I only wish that I could add that no shred of the responsibility lay on the shoulders of the British Empire.’
Then came the representatives of Persia, of Ireland, of Denmark, of Colombia, of Finland, of Holland, and of India. Through these eleven men four continents had spoken.
With the election of the six temporary members of the Council, the Assembly was over for another year. Opening as it did in the shadow of the Italian-Greek crisis, its really fine record of achievement in the other questions entrusted to it has been obscured by the greater issue. Ireland has been admitted, and Ethopia — which removes a rich and dangerous temptation from the great Powers, her neighbors in Africa. The system for the protection of minorities has been advanced, the mandates have been examined and criticism given where it was deserved; really important progress has been made in the war on white slavery and opium, and, most important of all, the problem of reduction of land armaments has been brought down from the plane of academic idealism and exhaustively discussed as a practical problem.

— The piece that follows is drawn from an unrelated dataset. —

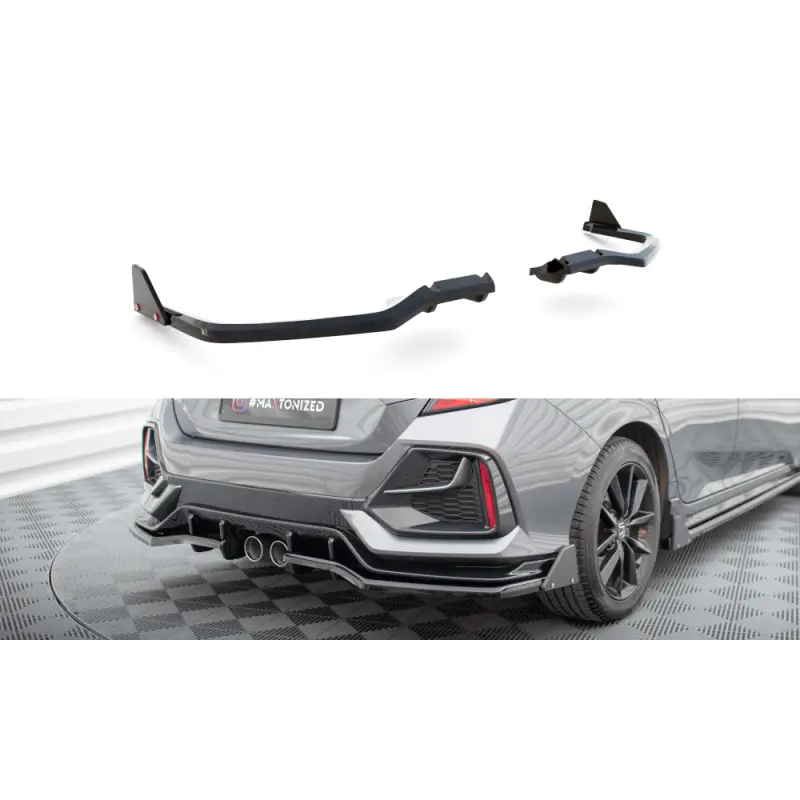 CENTRAL ARRIERE SPLITTER (AVEC UNE BARRE VERTICALE) + FLAPS HONDA CIVIC SPORT MK 10 FACELIFT - MAXTONDESIGN - FINITION: NOIR BRI Jusqu’à Épuisement Des Stocks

The world has made a beginning of coöperative thinking. For four years men have sat side by side, discussing the world’s business; they are already at work preparing for the Fifth Assembly. Gradually the feeling of solidarity, still faint, is growing. To this feeling the Corfu incident, oddly enough, has done an incalculable service, for it has shown the member States how great is their need of such a political body, and how essential is solidarity in its defense.
As the years go on, it becomes clearer that the League is neither a government nor a judge; it is a method. It is a method which, in the smaller as well as the larger issues, has shown itself wonderfully suited to its purpose. One can fancy that the thought of Aristotle, were he to visit Geneva, might run something like this: ‘The mind of man has at last shown itself equal to working out the political methods by which sovereign States may live together as good citizens. But the spirit of man is weak. He has set up the machinery. Now let him use it.’